WORK TO BE COMPLETED:
Every line below from the one containing "カラー wewe: momoeのヘアスタイル" through the one containing "RAB, CROATIE - CIRCA" is to be printed exactly, with the pictures omitted.

RECORD EXCERPTS:
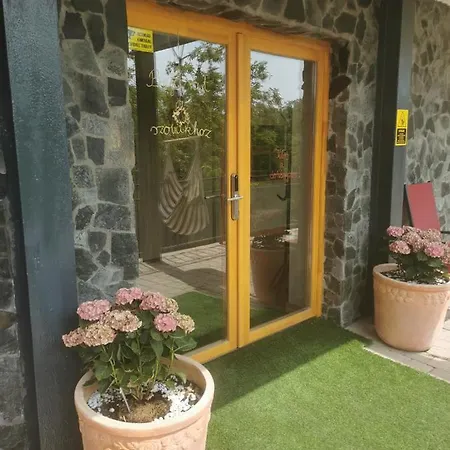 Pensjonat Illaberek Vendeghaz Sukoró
--
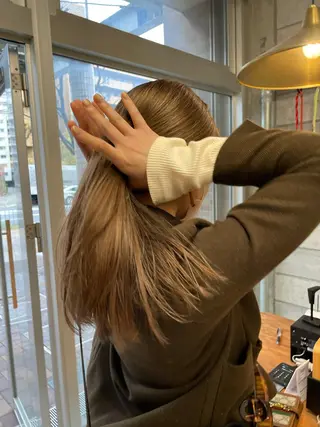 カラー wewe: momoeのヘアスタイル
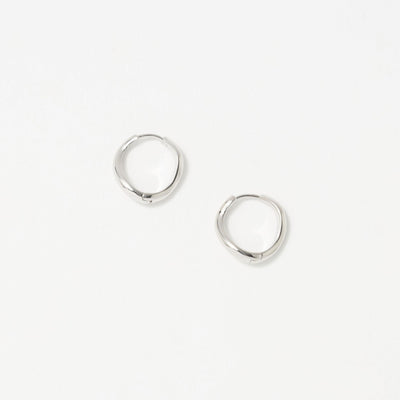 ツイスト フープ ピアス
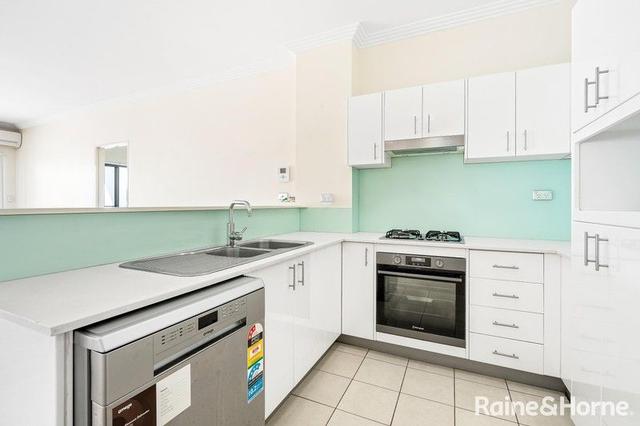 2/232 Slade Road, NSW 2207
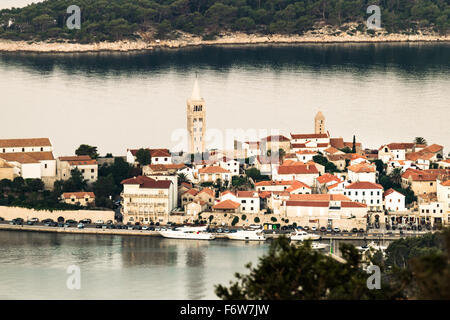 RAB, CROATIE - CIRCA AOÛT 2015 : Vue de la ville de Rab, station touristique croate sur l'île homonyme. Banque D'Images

TASK OUTPUT:
 カラー wewe: momoeのヘアスタイル
 ツイスト フープ ピアス
 2/232 Slade Road, NSW 2207
 RAB, CROATIE - CIRCA AOÛT 2015 : Vue de la ville de Rab, station touristique croate sur l'île homonyme. Banque D'Images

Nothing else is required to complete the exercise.